Malraux venait de mourir... Jérôme, à cette occasion, avait relu La Condition humaine, qu'il connaissait par cœur, surtout le premier chapitre : quand dans la nuit de Shanghai, le communiste Tchen poignarde un homme endormi... Il trouvait cette scène ridicule aujourd’hui. « ça sonne faux ! » Pour décrire un meurtre, ne fallait-il pas avoir tué soi-même ? Les mots ne doivent-ils pas peser leur poids d’expérience, de réel : de sang ? D’au-then-ti-ci-té enfin !

 

 

 

octobre 2006






Morgan Sportès a commis d’autres agressions contre André Malraux.
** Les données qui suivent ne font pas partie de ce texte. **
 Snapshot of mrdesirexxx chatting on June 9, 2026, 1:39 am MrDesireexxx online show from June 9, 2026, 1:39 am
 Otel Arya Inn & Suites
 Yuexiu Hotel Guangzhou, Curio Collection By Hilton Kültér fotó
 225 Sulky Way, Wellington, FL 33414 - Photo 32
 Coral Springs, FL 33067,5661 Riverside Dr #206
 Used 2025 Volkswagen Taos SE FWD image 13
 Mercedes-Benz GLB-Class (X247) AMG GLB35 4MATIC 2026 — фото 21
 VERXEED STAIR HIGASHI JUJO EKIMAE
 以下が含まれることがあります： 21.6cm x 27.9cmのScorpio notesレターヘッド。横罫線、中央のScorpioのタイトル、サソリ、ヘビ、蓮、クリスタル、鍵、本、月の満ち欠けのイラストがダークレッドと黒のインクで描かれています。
Dans Tonkinoise par exemple, superbe sotie sur l’Indochine vichyste :
« … Pilote français engagé dans l’armée républicaine espagnole, en 36, il se bat contre les franquistes (ce qui lui a permis de croiser André Malraux qu’il surnommait " capitaine Bidon "). » (p. 355 en Points Seuil).
A noter dans le même ouvrage l’appréciation sur le Grand Monde de Saigon (voir TH Clara M. 7) : « Mon Dieu comme tout cela était vulgaire, on se fût cru au Grand Monde, à Saigon, ce lupanar ! » (p. 180).